La cuestión es clara: el problema no es la diversión ni la hostelería, sino la falta de equilibrio y de sentido común. Porque las ciudades viven de su gente, de los bares y de los vecinos; pero cuando los segundos devoran a los terceros, lo que queda es un decorado vacío con un eco de juerga pasada; un modelo cutre, insostenible y de mínima calidad.

Córdoba se merece más que una resaca perpetua de domingos sin descanso. Se merece unas navidades que iluminen y alegren, no que agoten y desesperen. Se merece una gestión seria que entienda que una ciudad viva no es una ciudad descontrolada. Se merece líderes que sepan que hacer cumplir las normas no es un capricho, sino una responsabilidad; que olviden la estrategia del «opio para el pueblo», porque aquí dejo constancia, algún día ocurrirá una desgracia y en ese momento todos se lavarán las manos y escurrirán el bulto diciendo que todo fue un desgraciado accidente.

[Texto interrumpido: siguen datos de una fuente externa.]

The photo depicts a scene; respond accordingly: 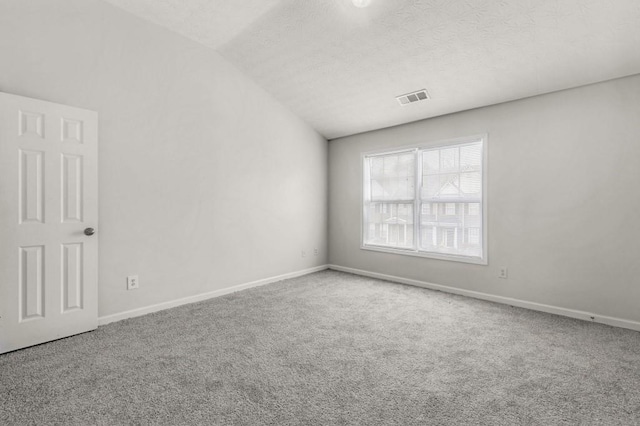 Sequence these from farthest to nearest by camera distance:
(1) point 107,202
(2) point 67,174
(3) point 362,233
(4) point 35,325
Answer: (3) point 362,233
(1) point 107,202
(2) point 67,174
(4) point 35,325

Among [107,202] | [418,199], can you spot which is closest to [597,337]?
[418,199]

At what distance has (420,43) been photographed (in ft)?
9.82

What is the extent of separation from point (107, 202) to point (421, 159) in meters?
3.79

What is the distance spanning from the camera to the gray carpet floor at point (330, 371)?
5.41ft

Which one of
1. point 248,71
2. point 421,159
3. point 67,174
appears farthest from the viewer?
point 421,159

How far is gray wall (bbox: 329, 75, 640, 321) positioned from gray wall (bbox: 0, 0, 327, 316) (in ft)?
8.10

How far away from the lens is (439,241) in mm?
4145

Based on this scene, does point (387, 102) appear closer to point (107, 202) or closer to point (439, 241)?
point (439, 241)

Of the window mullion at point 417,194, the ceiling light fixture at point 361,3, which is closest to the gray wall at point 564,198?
the window mullion at point 417,194

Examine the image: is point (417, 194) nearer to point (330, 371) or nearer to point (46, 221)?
point (330, 371)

Así que, después de esta maratón festiva, hagamos examen de conciencia. A ver si para el próximo año alguien en el ayuntamiento se acuerda de que gobernar es algo más que abrir la mano y mirar hacia otro lado. Mientras tanto, solo queda prepararse para la siguiente «campanada», y no precisamente la de fin de año. Porque en esta Córdoba nuestra, cualquier día es bueno para brindar, pero algunos, señores, también lo son para pensar.